C’était afin que les écritures s’accomplissent

CONSTANTES, obsédantes à la fin, se trouvent dans les évangiles, mais plus précisément dans les récits de la Passion les références aux Écritures, que Jésus doit « accomplir ». Elles peuvent être des traits qui nous paraissent des détails : l’ânon de l’entrée des Rameaux, les vêtements de Jésus tirés au sort au pied de la Croix, c’est aussi la grande déclaration que fait Jésus devant le Sanhédrin et qui entraîne sa condamnation, où il s’approprie les paroles du prophète : « vous verrez le Fils de l’Homme siégeant à la droite du Tout Puissant et venant avec les nuées du ciel » (à partir de Daniel 7,13). Mais toujours revient cette conscience qu’a Jésus de devoir réaliser un programme que les Écritures ont fixé. C’est ainsi qu’au moment de son arrestation, il fait remarquer que, si les choses se sont passées ainsi, c’était « afin que les Écritures s’accomplissent » (Marc 14,49).

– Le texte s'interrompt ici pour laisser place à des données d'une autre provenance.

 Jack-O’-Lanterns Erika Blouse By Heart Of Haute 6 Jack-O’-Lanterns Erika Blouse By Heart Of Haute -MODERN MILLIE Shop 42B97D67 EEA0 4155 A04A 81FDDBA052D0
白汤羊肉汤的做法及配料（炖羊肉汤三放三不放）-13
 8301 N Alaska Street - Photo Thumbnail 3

Quelle importance y a-t-il à affirmer que la Passion se réalise en tout point selon les prophéties contenues dans les Écritures ? Est-ce, pour un public composé encore en majorité de juifs, une manière d’authentifier sa mission ? Non, c’est beaucoup plus sérieux que cela. Le Christ trouve dans les Écritures d’Israël l’attestation de la volonté de son Père. Pour lui, toute la Bible (et pas seulement les Prophètes, mais aussi la Loi et les Psaumes) est annonce du grand retournement qui va s’opérer avec le mystère pascal. En tant qu’homme, il a voulu déchiffrer le projet éternel du Père à travers les Écritures.

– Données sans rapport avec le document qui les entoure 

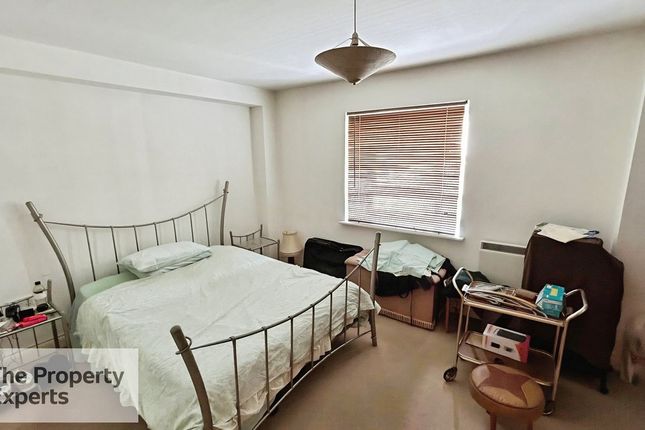 237, Albert Road, Devon, PL2 photo 4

Bien sûr, on dira : Jésus est le Fils éternel de Dieu, donc le projet du Père, c’est aussi le sien, il a consenti d’avance à tout ce qui va arriver. Venant sur terre, il dit, citant déjà le psaume (encore les Écritures !) : « me voici, je viens faire ta volonté », d’après l’Épître aux Hébreux (10,7). Mais il y a loin encore de cette acceptation globale et lumineuse à l’accueil au jour le jour des événements terribles de la Passion. Dans la mesure où il a désiré jouer complètement la carte de l’humanité, il a voulu tout recevoir peu à peu de la main du Père, et les Écritures l’aident à identifier à travers des circonstances variées la ligne que le Père lui propose. Bien sûr, il pourrait vouloir dominer les événements, il pourrait anticiper sur ce qui va lui arriver, comme il pourrait faire appel à douze légions d’anges, ainsi qu’il le dit lui-même (Matthieu 26,53), pour éviter la souffrance. C’est précisément cela que Satan lui conseille : utiliser son pouvoir de Fils pour sauver sa vie, arriver au succès par un chemin court, réduire ses adversaires à néant. Or, il ne le veut pas. Pour lui, la restauration de notre humanité passe par cette humble acceptation minute après minute du vouloir du Père. Et cette volonté, dont il sait bien qu’elle passe par la croix, se découvre peu à peu, – comme pour nous.


Ce qui est terrible dans le chemin des derniers jours est ce sentiment qu’éprouve de plus en plus Jésus à mesure que les heures passent de se trouver devant une volonté autre, alors que dans le fond, comme on l’a dit, ce projet est le sien. Mais, au creuset de la souffrance, il paraît étranger, presque impersonnel, pesant sur lui comme une nécessité sans visage. C’est sans doute le sens de cette confidence qu’il fait aux femmes qui pleurent sur lui lors du chemin de la croix : « si l’on traite ainsi l’arbre vert, qu’en sera-t-il de l’arbre sec ? » (Luc 23,21). Qui est ce « on » ? le Père ? le Diable ?

Et c’est à travers ce don maintenu jusqu’au bout, en visitant les régions extrêmes où nous nous perdons, qu’il vient rétablir l’homme dans sa justesse et sa beauté : « que ta volonté soit faite ! ».